Tat is a dispute resolution practitioner based in Singapore, with 30 years’ experience as a dispute resolution counsel and 15 years’ experience as a commercial mediator.

He is recognised in Who’sWhoLegal as a leading mediator and in Legal500 for his practice in commercial litigation.  He is a certified mediator with many distinguished mediation panels including IMI and Compliance Advisory Ombudsman, IFC, World Bank Group, and has successfully mediated a broad spectrum of disputes across Asia.

He is a Weinstein JAMS International Fellow, and serves as Co-Chair of the IBA Mediation Committee, Board Member of Singapore Mediation Centre and Member of the IMI Independent Advisory Committee.
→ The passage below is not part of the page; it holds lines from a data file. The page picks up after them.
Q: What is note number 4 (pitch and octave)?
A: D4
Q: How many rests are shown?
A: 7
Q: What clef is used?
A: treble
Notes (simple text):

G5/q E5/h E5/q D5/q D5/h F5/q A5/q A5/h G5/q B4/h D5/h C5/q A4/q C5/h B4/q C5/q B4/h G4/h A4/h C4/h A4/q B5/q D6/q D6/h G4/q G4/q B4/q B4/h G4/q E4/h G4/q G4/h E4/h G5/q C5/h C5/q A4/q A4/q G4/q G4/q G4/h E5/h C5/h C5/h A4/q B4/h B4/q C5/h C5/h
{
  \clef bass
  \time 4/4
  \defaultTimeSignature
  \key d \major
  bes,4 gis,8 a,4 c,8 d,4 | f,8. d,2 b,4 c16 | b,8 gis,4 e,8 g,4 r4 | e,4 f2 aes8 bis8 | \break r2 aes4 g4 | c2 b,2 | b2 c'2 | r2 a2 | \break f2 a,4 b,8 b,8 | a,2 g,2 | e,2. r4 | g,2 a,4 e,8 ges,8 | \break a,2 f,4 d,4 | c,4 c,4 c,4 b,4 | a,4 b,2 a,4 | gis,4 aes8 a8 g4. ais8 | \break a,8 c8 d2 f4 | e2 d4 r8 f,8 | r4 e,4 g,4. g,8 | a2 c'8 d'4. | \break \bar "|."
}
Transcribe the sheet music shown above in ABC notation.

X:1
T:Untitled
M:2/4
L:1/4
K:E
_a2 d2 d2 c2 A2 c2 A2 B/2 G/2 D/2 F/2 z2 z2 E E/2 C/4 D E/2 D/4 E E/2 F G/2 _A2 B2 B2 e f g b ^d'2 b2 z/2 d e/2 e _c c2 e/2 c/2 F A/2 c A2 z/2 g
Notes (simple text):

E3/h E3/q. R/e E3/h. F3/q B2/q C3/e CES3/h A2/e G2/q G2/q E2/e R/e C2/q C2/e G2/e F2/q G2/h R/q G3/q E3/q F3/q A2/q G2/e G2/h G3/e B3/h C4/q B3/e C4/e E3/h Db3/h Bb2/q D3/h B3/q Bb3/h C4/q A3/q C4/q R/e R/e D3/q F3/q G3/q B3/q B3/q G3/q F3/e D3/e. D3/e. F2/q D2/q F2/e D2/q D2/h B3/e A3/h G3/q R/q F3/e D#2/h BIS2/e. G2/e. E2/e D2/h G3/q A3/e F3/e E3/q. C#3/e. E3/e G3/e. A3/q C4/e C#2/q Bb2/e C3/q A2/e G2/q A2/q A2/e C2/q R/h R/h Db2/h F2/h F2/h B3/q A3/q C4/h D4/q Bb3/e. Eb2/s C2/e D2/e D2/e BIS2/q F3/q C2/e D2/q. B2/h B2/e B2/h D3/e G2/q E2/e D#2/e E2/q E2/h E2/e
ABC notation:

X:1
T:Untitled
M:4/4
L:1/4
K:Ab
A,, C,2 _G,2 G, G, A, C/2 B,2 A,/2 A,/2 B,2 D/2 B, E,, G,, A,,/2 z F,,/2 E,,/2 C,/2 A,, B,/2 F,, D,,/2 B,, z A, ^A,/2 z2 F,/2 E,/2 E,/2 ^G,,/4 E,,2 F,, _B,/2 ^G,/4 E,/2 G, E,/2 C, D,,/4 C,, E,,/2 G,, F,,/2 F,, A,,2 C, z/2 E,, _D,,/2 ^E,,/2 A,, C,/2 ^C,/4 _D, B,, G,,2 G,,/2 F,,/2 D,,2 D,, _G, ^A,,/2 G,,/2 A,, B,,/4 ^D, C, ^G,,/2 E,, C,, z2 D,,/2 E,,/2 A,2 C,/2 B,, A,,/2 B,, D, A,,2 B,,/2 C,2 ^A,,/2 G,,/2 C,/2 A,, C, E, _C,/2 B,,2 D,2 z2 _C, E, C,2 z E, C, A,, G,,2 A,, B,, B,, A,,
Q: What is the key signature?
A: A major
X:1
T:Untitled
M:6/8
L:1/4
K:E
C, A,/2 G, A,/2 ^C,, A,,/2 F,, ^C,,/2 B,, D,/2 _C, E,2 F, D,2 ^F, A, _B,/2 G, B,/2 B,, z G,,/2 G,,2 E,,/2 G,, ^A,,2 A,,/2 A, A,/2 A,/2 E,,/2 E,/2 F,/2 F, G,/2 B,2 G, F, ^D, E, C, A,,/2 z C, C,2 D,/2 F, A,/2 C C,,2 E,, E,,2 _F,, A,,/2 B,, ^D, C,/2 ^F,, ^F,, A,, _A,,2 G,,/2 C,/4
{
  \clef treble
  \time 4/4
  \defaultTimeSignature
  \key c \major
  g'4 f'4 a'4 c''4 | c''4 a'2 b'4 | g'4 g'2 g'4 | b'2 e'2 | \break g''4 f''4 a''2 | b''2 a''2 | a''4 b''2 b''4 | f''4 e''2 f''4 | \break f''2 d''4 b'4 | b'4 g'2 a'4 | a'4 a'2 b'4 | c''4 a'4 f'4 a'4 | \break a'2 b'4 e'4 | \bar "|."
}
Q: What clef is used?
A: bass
His contributions to publications in his areas of practice include Singapore Civil Procedure (Sweet & Maxwell), Mediation in Singapore: A Practical Guide (Sweet & Maxwell), Mediation Practice (ICC), and Stories Mediators Tell: World Edition (ABA).

Hal Abramson

Session: Understanding the Singapore Conference and What It Means to Mediation

Professor Hal Abramson, faculty member and former vice dean at Touro Law Center, New York, teaches, trains, and writes on representing clients in domestic and international mediations, resolving intercultural disputes, and negotiations. He has taught or trained on dispute resolution in nineteen countries on six continents. For his contributions to the field of dispute resolution, Professor Abramson received the 2013 Peace Builder Award from the New York State Dispute Resolution Association.  Professor Abramson is an award-winning author who has been selected for International Who’s Who of Commercial Mediation, served as first scholar-in-residence for the International Academy of Mediators, and has conducted training in nineteen countries on six continents.